» WORK ORDER
When the line with "Ian Dury & The" appears below, start repeating lines exactly, and keep going through the line with "Puma Court White / Archive Green (403752-04)"; add nothing outside that span.

DATA TO EXAMINE below:

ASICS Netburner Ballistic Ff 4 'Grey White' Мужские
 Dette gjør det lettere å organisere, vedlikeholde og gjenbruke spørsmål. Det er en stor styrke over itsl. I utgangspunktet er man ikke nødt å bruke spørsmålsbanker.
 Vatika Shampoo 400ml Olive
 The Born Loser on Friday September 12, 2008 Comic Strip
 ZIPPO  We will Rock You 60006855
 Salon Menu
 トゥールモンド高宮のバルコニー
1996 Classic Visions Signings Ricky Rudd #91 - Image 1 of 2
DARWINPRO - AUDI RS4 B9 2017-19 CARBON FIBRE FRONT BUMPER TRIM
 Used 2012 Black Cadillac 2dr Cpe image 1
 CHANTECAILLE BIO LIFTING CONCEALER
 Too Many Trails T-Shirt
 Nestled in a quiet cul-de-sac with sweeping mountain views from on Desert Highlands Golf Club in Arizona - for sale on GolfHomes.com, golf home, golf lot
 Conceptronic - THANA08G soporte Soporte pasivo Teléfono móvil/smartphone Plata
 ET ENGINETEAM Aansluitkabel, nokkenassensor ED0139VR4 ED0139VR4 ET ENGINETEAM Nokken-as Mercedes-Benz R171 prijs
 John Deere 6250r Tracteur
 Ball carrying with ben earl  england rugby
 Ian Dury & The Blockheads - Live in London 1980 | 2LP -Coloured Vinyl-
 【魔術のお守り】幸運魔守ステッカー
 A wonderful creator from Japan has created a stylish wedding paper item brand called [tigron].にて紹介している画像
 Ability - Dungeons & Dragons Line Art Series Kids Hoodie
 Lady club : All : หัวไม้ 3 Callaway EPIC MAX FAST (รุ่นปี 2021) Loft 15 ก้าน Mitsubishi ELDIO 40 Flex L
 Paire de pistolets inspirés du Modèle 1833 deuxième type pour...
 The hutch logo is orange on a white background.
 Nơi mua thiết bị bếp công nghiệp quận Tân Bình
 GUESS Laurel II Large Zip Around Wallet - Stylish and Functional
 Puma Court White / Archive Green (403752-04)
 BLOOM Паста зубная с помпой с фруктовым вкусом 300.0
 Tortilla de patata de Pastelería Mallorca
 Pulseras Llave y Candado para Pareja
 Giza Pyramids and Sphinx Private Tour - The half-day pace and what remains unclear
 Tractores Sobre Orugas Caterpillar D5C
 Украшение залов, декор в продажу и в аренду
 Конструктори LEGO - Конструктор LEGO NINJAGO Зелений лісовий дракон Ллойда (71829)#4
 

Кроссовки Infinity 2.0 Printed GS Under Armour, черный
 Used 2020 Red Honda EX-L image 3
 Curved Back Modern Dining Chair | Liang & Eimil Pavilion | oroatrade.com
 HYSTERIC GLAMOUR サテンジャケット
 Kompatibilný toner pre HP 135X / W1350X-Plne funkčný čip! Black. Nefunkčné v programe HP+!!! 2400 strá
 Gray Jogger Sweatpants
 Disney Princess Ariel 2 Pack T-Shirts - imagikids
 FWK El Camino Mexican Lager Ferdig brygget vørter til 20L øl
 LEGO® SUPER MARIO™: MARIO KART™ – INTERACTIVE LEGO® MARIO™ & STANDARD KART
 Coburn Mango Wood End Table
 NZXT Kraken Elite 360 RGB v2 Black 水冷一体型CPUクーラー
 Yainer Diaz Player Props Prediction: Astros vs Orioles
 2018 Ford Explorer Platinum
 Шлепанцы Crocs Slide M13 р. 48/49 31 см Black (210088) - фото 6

End of DATA TO EXAMINE.

» ANSWER TO THIS TASK
 Ian Dury & The Blockheads - Live in London 1980 | 2LP -Coloured Vinyl-
 【魔術のお守り】幸運魔守ステッカー
 A wonderful creator from Japan has created a stylish wedding paper item brand called [tigron].にて紹介している画像
 Ability - Dungeons & Dragons Line Art Series Kids Hoodie
 Lady club : All : หัวไม้ 3 Callaway EPIC MAX FAST (รุ่นปี 2021) Loft 15 ก้าน Mitsubishi ELDIO 40 Flex L
 Paire de pistolets inspirés du Modèle 1833 deuxième type pour...
 The hutch logo is orange on a white background.
 Nơi mua thiết bị bếp công nghiệp quận Tân Bình
 GUESS Laurel II Large Zip Around Wallet - Stylish and Functional
 Puma Court White / Archive Green (403752-04)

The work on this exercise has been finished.